Hi Eric,
lots of great stuff in your email, thanks! Let me respond:
On 3/21/23 18:28, Eric Blake wrote:
On Tue, Mar 21, 2023 at 03:56:22PM +0100, Laszlo Ersek wrote:
>> $ podman build -f ci/containers/alpine-edge.Dockerfile -t libnbd-alpine-edge
>> $ podman run -it --rm --userns=keep-id -v .:/repo:z -w /repo libnbd-alpine-edge
bash
>> $ ./configure
>> $ make check
>> $ grep tmpd= lib/test-suite.log
>> + tmpd=/tmp/tmp.EMgKeF
>> $ /tmp/tmp.EMgKeF/bin/f 1 + 1
>> f: applet not found
>> 0b748c9fe495:~$
>>
>> So it looks like we need some way to work around busybox' insistance
>> that argv[0] determines which applet to run.
>
> I couldn't come up with a reproducer like yours. I couldn't figure
> out how to *quickly* get an interactive Alpine Linux environment with
> the test failing, and I also couldn't figure out how to trigger
> "verbose" test runs on gitlab, without polluting the master branch
> with debug patches. (I tried forking the project in my own space on
> gitlab, and pushed a debug patch with just "set -x" onto a non-master
> branch *there* -- but CI didn't start in response to that.)
ci/README.rst is informative on that regards; I'm impressed at what
lcitool (from the libvirt-ci) project gives us for local
reproducibility of repeating various CI build failures.
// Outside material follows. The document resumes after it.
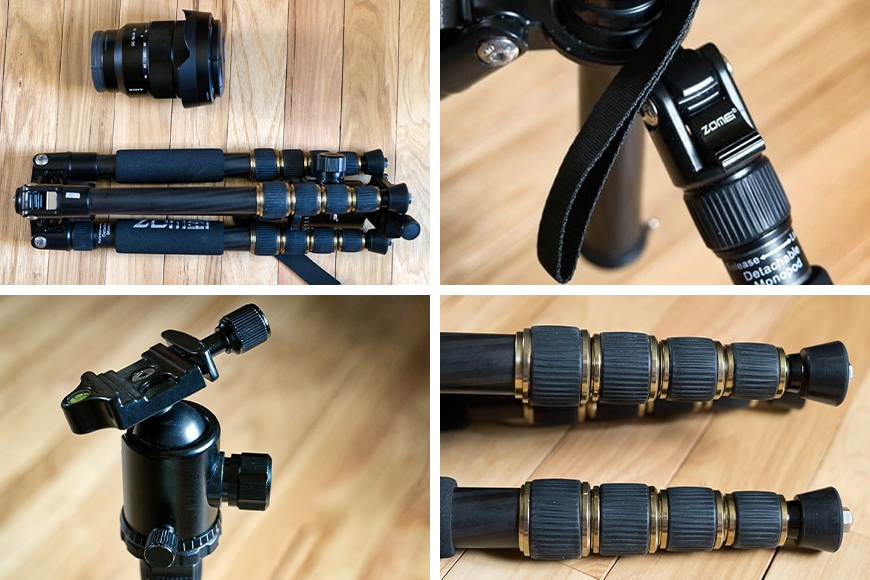 leg section, 4 grippy locks minimise tripod weight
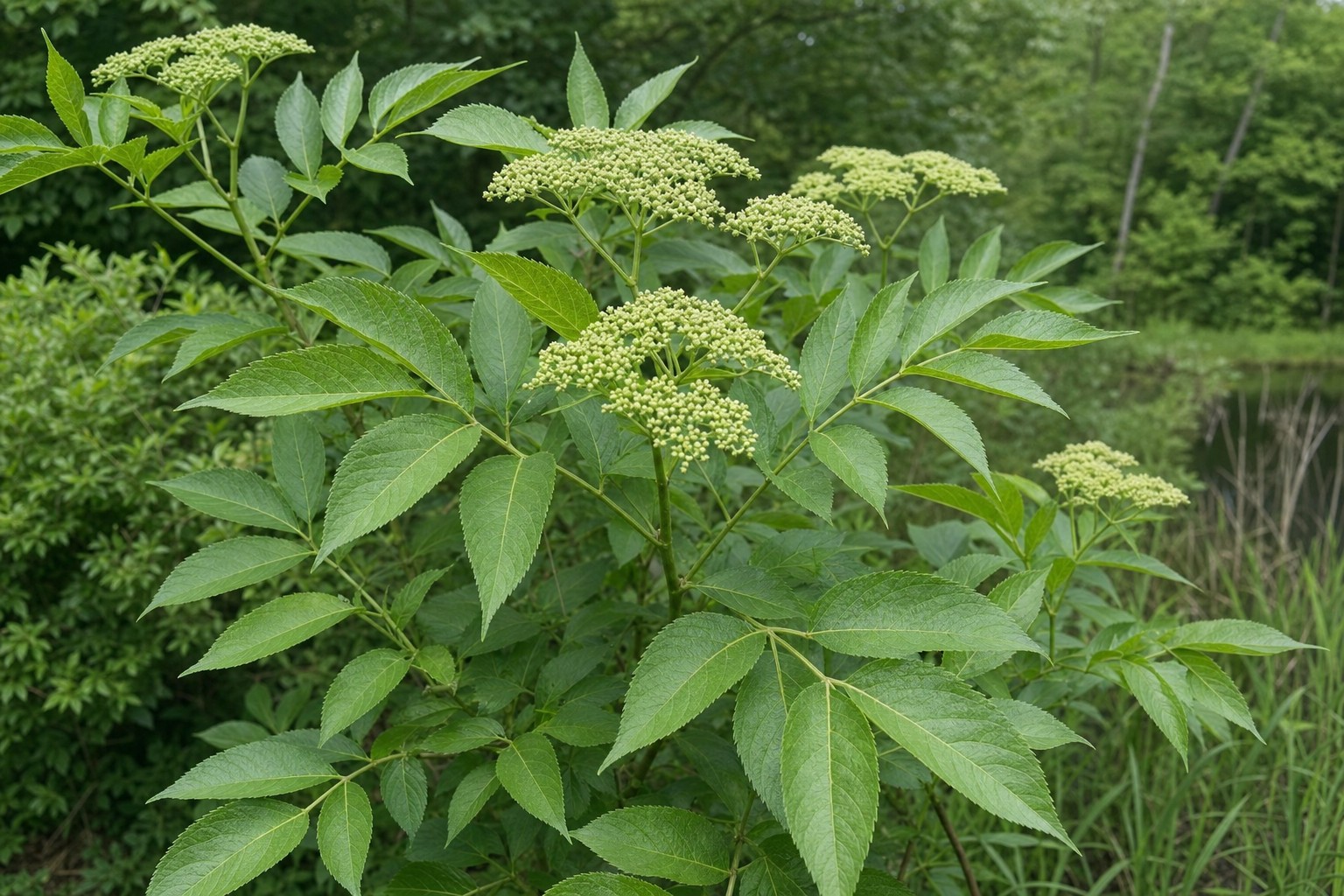 Elderberry (Sambucus canadensis) identification photo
Indeed very informative. I was hoping I could skimp on reading it, but
now I've bitten the bullet.
It does offer precisely such podman commands (two of them) that I need
for seamless testing in an Alpine Linux container. Unfortunately, podman
does not work for me on RHEL-9.1 as a mere user!
podman build -f ci/containers/alpine-edge.Dockerfile -t libnbd-alpine-edge
it prints:
Error: error creating tmpdir: mkdir /run/user/500: permission denied
I've searched the web -- I've found nothing conclusive (for example, I
don't have a .config/containers/storage.conf file, so its contents
cannot be blamed for the misbehavior). However, at least I've determined
that Giuseppe Scrivano is an expert in this area, so I've emailed him
now. We'll see where that goes.
> So, I only installed a new Alpine Linux virtual machine -- what
a
> pain *that* was --, and investigated what /usr/bin/expr was. When I
> found it was a symlink to /bin/busybox, I started looking for Alpine
> Linux specific tweaks that could replace busybox (in this role) with
> a real binary executable "expr" utility.
>
> I was relieved to find the following wiki article:
>
>
https://wiki.alpinelinux.org/wiki/How_to_get_regular_stuff_working
>
> which promised -- I thought anyways -- a real coreutils package.
>
> Imagine my dismay when I found that, after installing coreutils with
> apk in the Alpine Linux VM, the symlink stayed in place, only its
> target binary changed from "/bin/busybox" to "coreutils". Well
done,
> Alpine Linux, well done.
Yeah, I remember the debates back when GNU coreutils was offered
patches to choose to build a multiname binary - it fits with Alpine's
goals and matches busybox's minimalist footprint, but it violates GNU
Coding Standards (which state that in general, an application's
behavior should not depend on argv[0], precisely so that renaming it
doesn't change its behavior).
Haha, I didn't expect this. Background that's good to know!
>
> So, no, this mess (= Alpine Linux) is not salvageable. The
> "lib/test-fork-safe-execvpe.sh" script depends on "expr" being
> functional under the name "f". And yes I want "f" to be a
> single-character filename; otherwise the nice tabular formatting of
> the script falls apart (or produces overlong lines).
>
> As last step, I learned about ci/skipped_tests, and used it to
> disable the test on alpine linux.
That works, but is not always my favorite: it fixes CI, but does not
help any developer on a similar platform. I probably would have tried
this in the test itself (untested here):
cp /bin/expr f
cleanup_fn rm f
requires ./f 1 + 1 # We insist on expr behavior independent of argv[0]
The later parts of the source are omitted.